▶ [DATA FOR REVIEW]
_ _ _ _ _
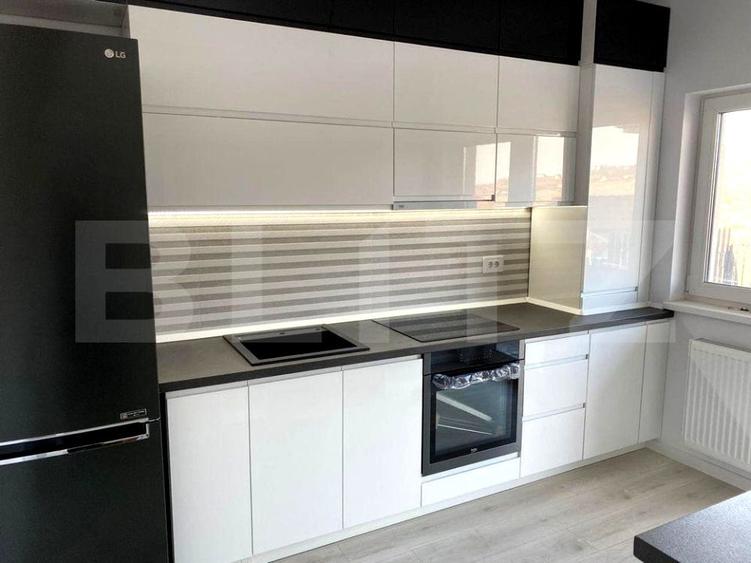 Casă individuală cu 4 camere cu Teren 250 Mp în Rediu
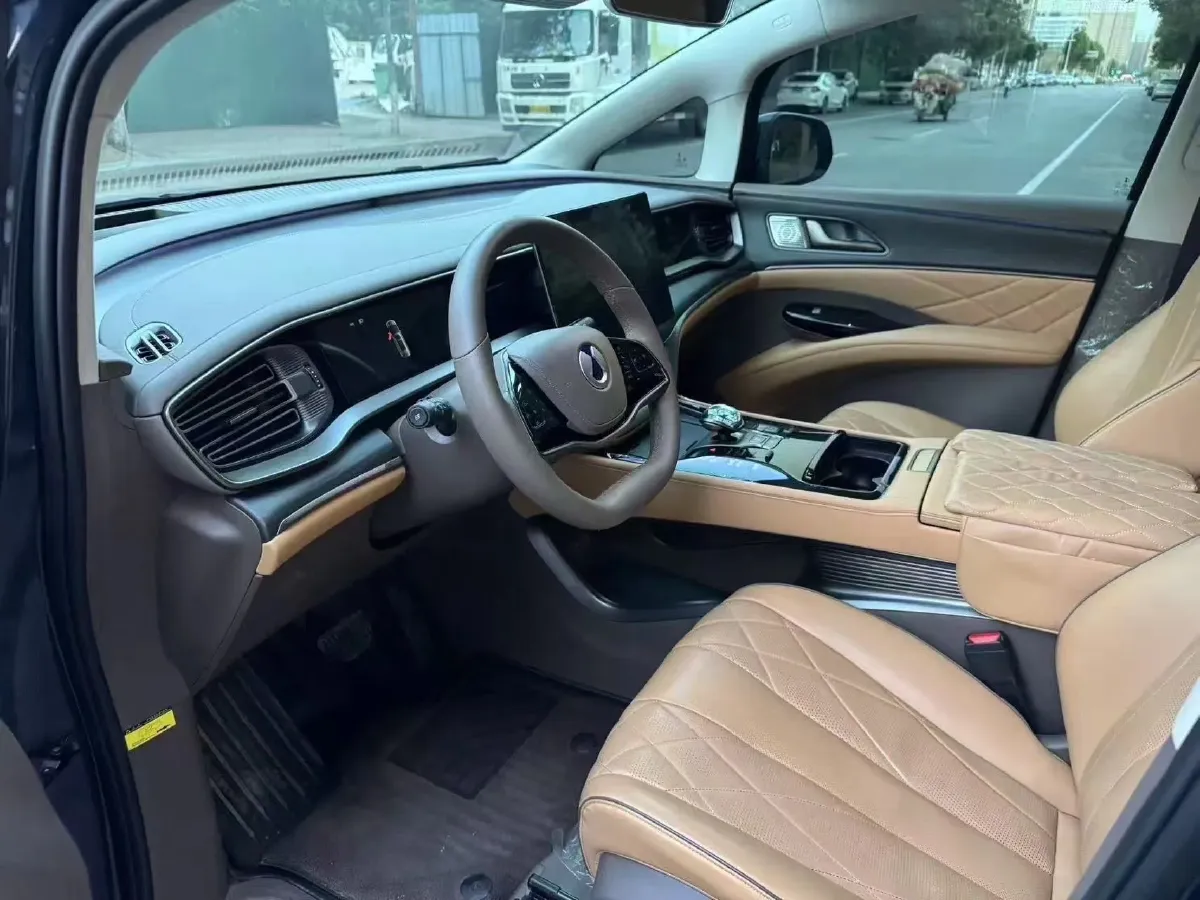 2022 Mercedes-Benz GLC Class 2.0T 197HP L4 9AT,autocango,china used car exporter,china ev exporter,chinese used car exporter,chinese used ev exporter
_ _ _ _ _
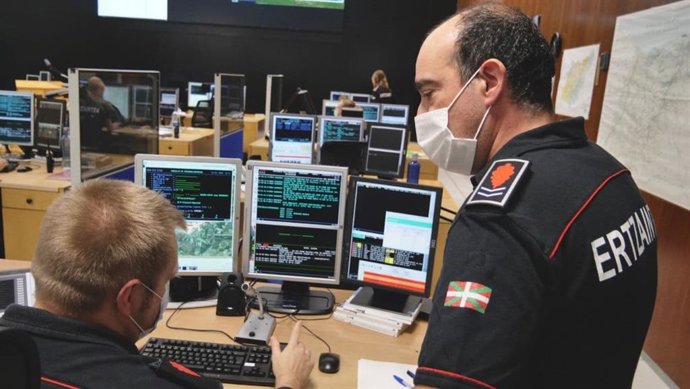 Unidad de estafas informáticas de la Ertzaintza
_ _ _ _ _
▶ [WHAT IS NEEDED] Once the line with "Casă individuală cu" has been found above, output that line and every later line exactly, stopping after the line with "2022 Mercedes-Benz GLC", and omit the pictures.

▶ [EXERCISE SOLUTION]
 Casă individuală cu 4 camere cu Teren 250 Mp în Rediu
 2022 Mercedes-Benz GLC Class 2.0T 197HP L4 9AT,autocango,china used car exporter,china ev exporter,chinese used car exporter,chinese used ev exporter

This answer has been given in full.